• **What the exercise asks**:
Retype exactly the lines below, starting with the line that contains "Cracked Wall With Emerging Ghost" and ending with the last line; leave out any pictures.

• **Supplied records**:
-- Opening Marker --
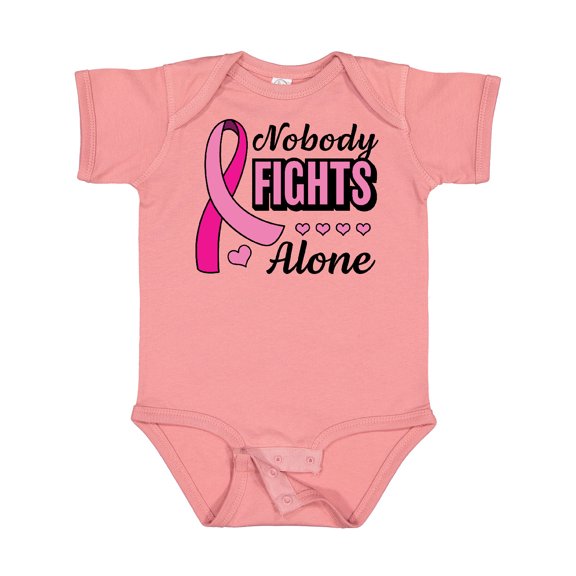 Inktastic Breast Cancer Awareness Nobody Fights Alone Pink Ribbon Boys or Girls Baby Bodysuit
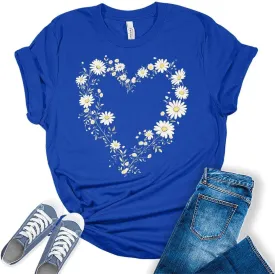 GyftWear Womens Floral Shirts Wildflower Vintage Graphic Tees Spring Short Sleeve Cottagecore T Shirts Bella Summer Tops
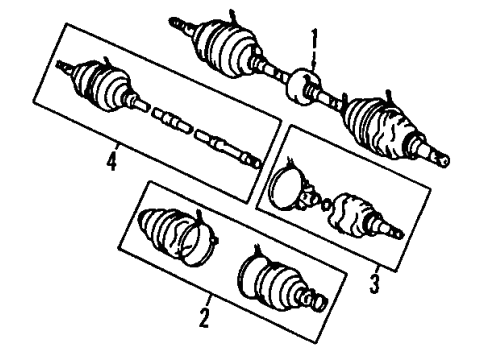 1993 Toyota Tercel Front Axle Shafts & Joints, Drive Axles Diagram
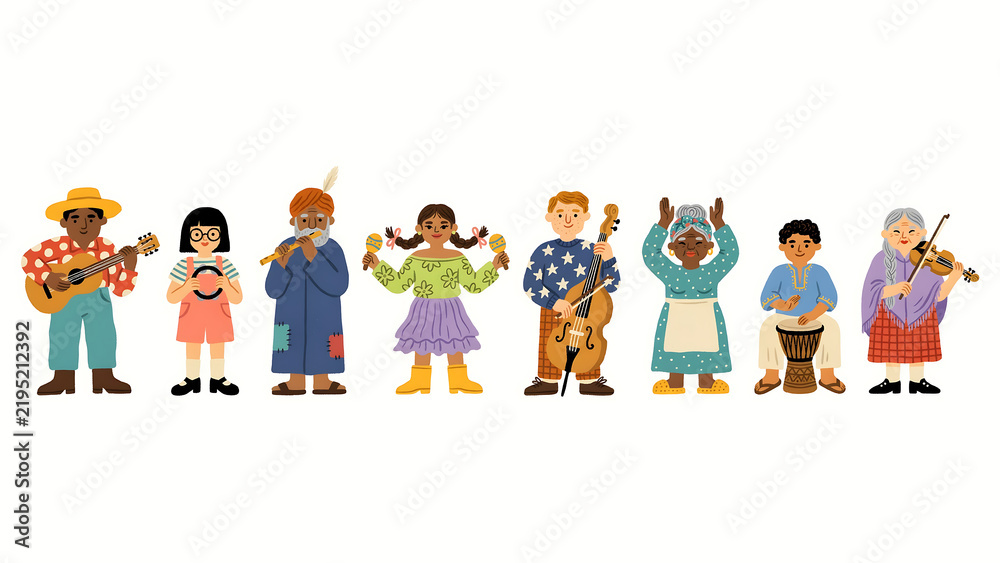 Fototapeta premium Diverse folk musicians set with traditional instruments, multicultural band of people playing music, colorful character illustrations on white background
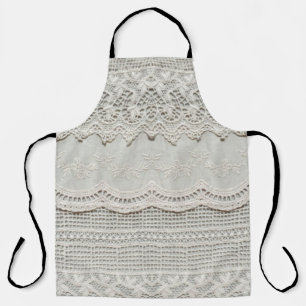 Beautiful, subtle, white laced textile close up. apron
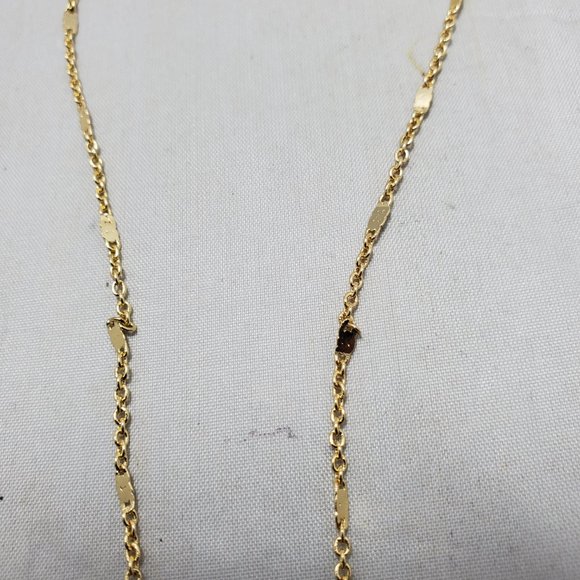 Charming Charlie 2 necklace set - clear quartz gold chain & gray velvet neck - Picture 4 of 7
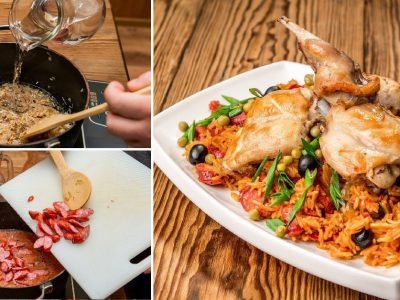 Кролик, тушенный в казане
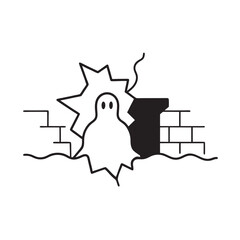 Cracked Wall With Emerging Ghost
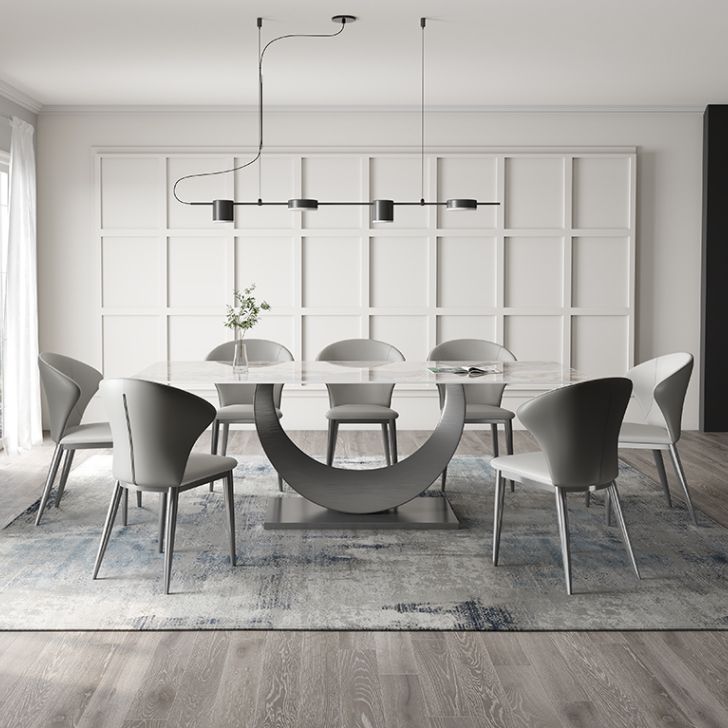 Modern Sintered Stone Dining Table Rectangular Dining Table Set with Metal Base Clearhalo 'Dining Room Sets' 'Dining Tables & Seating' 'dining_room_set' 'furn' 'furn_dining_room_set' 'Furniture' 'furniture_dining_room_set' 'Kitchen & Dining Furniture' 'kitchen&dining_furn' 'kitchen' 1200x1200_866e4559-263c-49ca-8477-73265587a07c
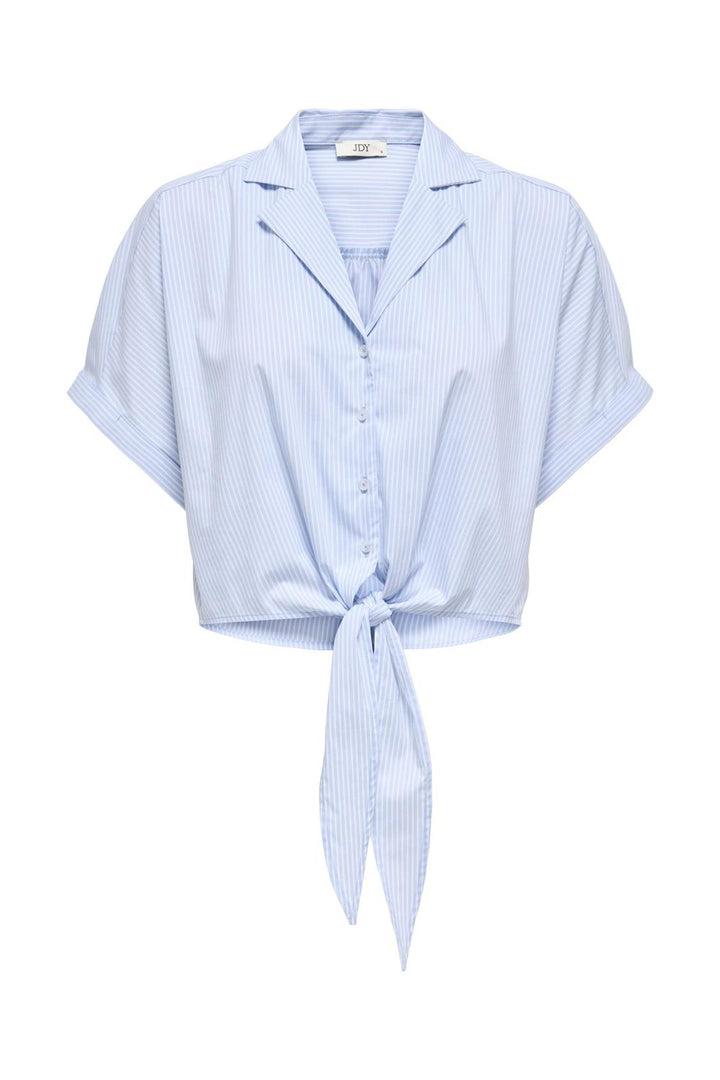 JDY - Jdymio S/S Knot Shirt Dia - 4936832 Cashmere Blue Small White Stripes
-- Closing Marker --
• **Exercise answer**:
 Cracked Wall With Emerging Ghost
 Modern Sintered Stone Dining Table Rectangular Dining Table Set with Metal Base Clearhalo 'Dining Room Sets' 'Dining Tables & Seating' 'dining_room_set' 'furn' 'furn_dining_room_set' 'Furniture' 'furniture_dining_room_set' 'Kitchen & Dining Furniture' 'kitchen&dining_furn' 'kitchen' 1200x1200_866e4559-263c-49ca-8477-73265587a07c
 JDY - Jdymio S/S Knot Shirt Dia - 4936832 Cashmere Blue Small White Stripes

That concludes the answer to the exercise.